• [Problem] Read the data, and whenever a line holds the word "Planting", report that line.

• [Record excerpts]
::::::::::

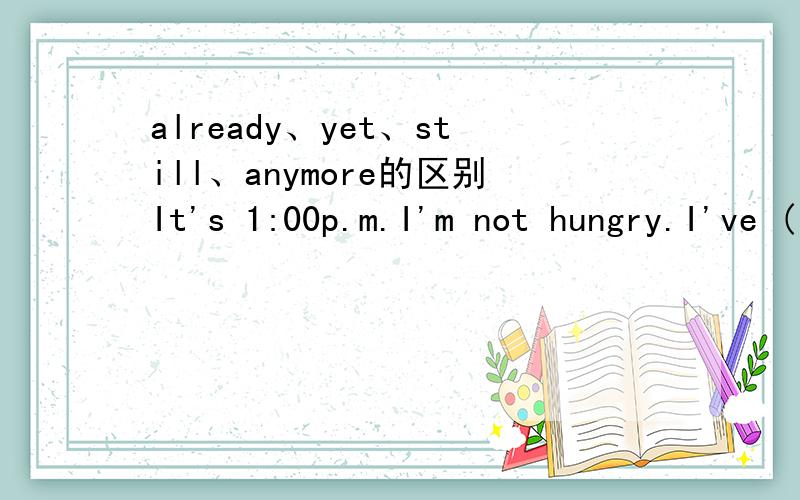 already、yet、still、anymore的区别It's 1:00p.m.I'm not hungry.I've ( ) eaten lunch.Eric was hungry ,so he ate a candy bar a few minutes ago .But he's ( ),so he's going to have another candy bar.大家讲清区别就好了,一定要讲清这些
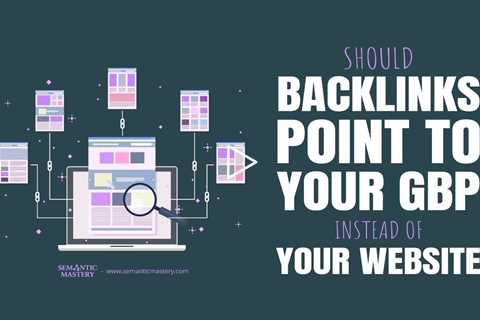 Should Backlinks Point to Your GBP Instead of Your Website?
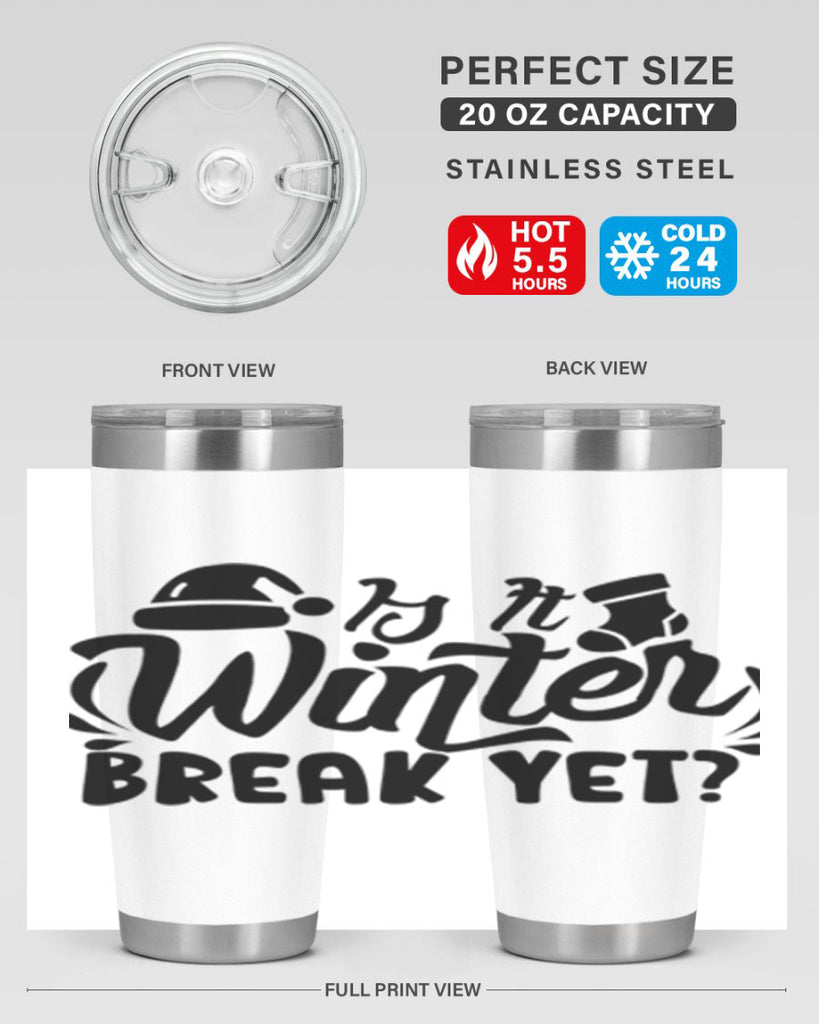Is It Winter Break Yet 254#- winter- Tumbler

::::::::::

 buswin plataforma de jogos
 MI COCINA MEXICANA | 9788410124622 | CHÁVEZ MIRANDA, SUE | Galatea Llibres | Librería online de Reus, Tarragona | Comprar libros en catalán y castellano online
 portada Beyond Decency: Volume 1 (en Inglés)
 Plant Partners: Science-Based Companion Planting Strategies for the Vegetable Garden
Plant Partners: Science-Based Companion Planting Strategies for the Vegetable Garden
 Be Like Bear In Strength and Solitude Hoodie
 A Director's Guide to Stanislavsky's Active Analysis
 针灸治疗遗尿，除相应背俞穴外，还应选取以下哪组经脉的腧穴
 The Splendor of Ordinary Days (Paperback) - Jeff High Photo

::::::::::

• [Answer to the problem]
 Plant Partners: Science-Based Companion Planting Strategies for the Vegetable Garden
Plant Partners: Science-Based Companion Planting Strategies for the Vegetable Garden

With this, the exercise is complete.